The Buzz Problem: Why Most PR Campaigns Fail Before They Start
This happens a lot. A talented founder launches a PR campaign, sends out press releases and pitches, maybe lands a few features, and then nothing else comes from it. The attention fades. The real problem isn’t visibility. It’s that most PR campaigns don’t begin with a strong design thinking strategy.
With almost twenty years in PR, brand strategy, and creative direction, I’ve helped launch over 500 brands and seen this problem come up again and again. PR is more than just telling a good story or getting noticed. The brands that stand out are the ones that carefully design every part of their presence from the start. In my experience, PR works best when it’s built on design thinking, where every detail is planned to spark interest before any campaign even begins.
The Perception Problem
A lot of founders think getting featured in the press is the goal, but it’s really just the start. What people see next is what counts. If your website isn’t strong, your visuals aren’t memorable, or your message isn’t clear, the coverage won’t have much impact.
I call this the perception problem. Press coverage gets people’s attention, but if they find a bland website, a cluttered Instagram, or a brand voice that doesn’t feel real, they’ll leave fast. Design thinking looks at what happens after someone clicks. Too often, PR just aims for the click and stops there.
Style Is Not a Mood, It’s a System
When I talk about design in PR, I don’t just mean appearances. I’m talking about the systems behind them. Every part of a brand—how it looks, sounds, and acts, from the homepage image to the founder’s interview—is connected. These choices aren’t separate. They’re really one decision, shown in different ways. Style is a structure that either supports the brand or it doesn’t.
Many founders who have trouble with PR face the same issue: their public presence is patched together instead of being carefully designed. They might have a logo from one place, a website from another, and a LinkedIn bio and press photo that don’t match. Each part might work on its own, but together they create confusion. Journalists, editors, and customers can tell something isn’t right, even if they can’t say exactly what it is.
What Design Thinking Actually Adds to a PR Strategy
When I build a communication strategy, I start by thinking about what it feels like to meet the founder. I look at more than just their story—I look at their whole presence. What does their website feel like? Does their Instagram tell a clear story? Does their bio sound like a real person or just a résumé? This is user experience thinking for personal brands, and it changes how PR works.

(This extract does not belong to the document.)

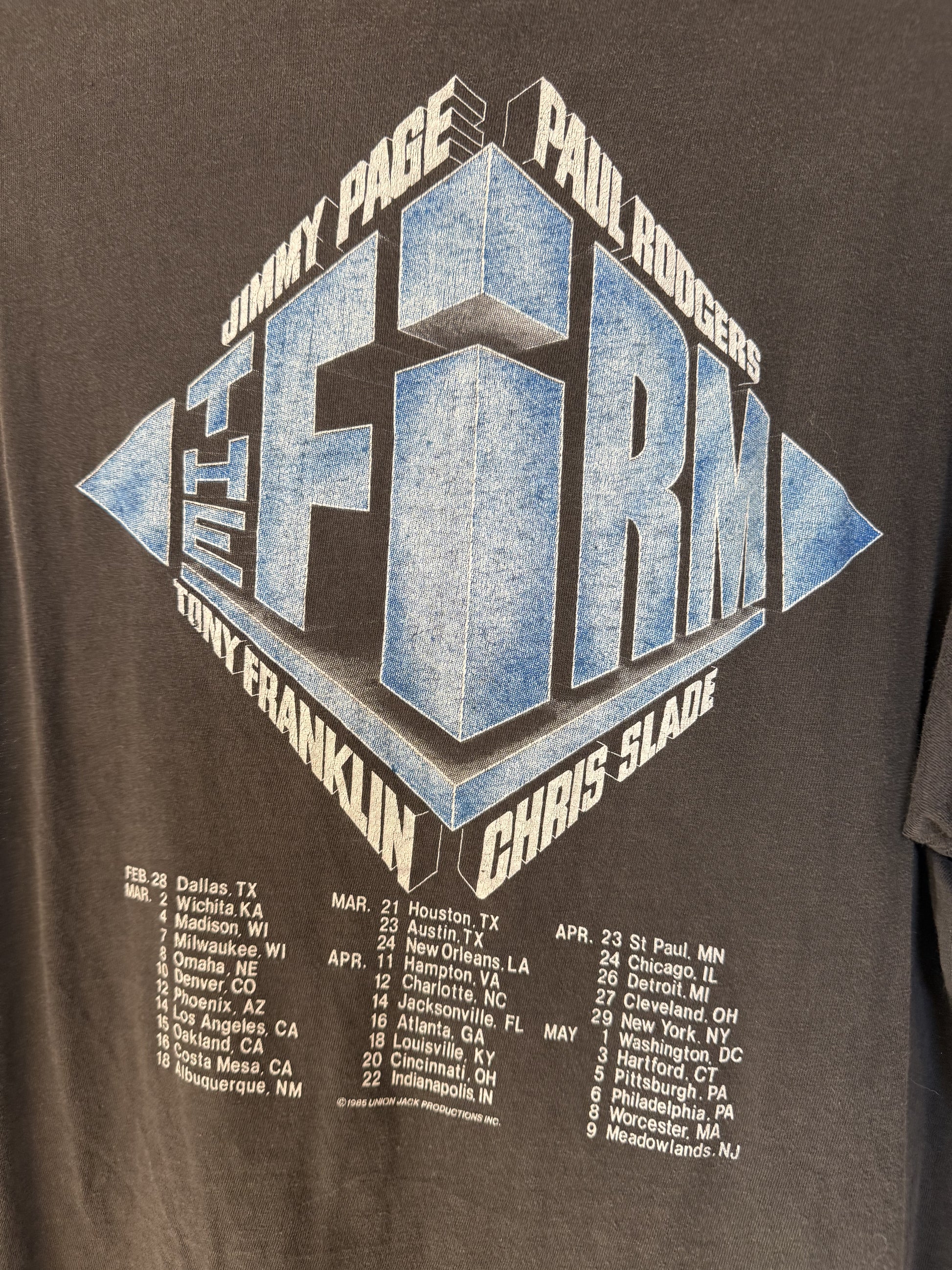 1985 Jimmy Page Tee Size- Large LFDW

When a journalist gets a pitch, they judge the source, even if they don’t realize it. Is this person really who they say they are? Does their presentation match their story? Does their website support the story, or does it make it more confusing?
Design thinking builds what I call a confirmation structure. This means your presence is so clear that every part tells the same story. When everything lines up, your pitch feels different. It doesn’t come across as a cold request. Instead, it feels like the next step in a story the journalist already believes in.
The Founders Who Get This Right
Founders who keep succeeding have one thing in common: they treat their brand presence like a product. They put as much effort into it as they do into what they sell. To the press and the public, they are the first version of their product, and that version has to work.
They also know that style shows credibility before anyone reads a word. Even before someone opens a pitch, things like your email address, website, and photo shape their first impression. This can open more doors or close them.
This isn’t superficial. It’s strategic. Style, when used well, is an effective tool for founders. Yet it is often underused.
How This is this resolved
PR and design aren’t separate. They’re closely linked because both shape how people see a brand before any direct contact. A PR campaign works best when design thinking is part of every part of the brand experience. I believe combining design and PR is the key to making any campaign work.
Founders who get this stop asking how to get more coverage. Instead, they focus on the experience they create for their audience. They review everything before pitching. They design before promoting. They build a presence that deserves attention before they go after it.
The result isn’t just better PR. It’s a brand that gets stronger with every bit of exposure. Each placement builds on the last. Coverage brings real recognition, not just website clicks. The journalist ends up telling the story you wanted to share.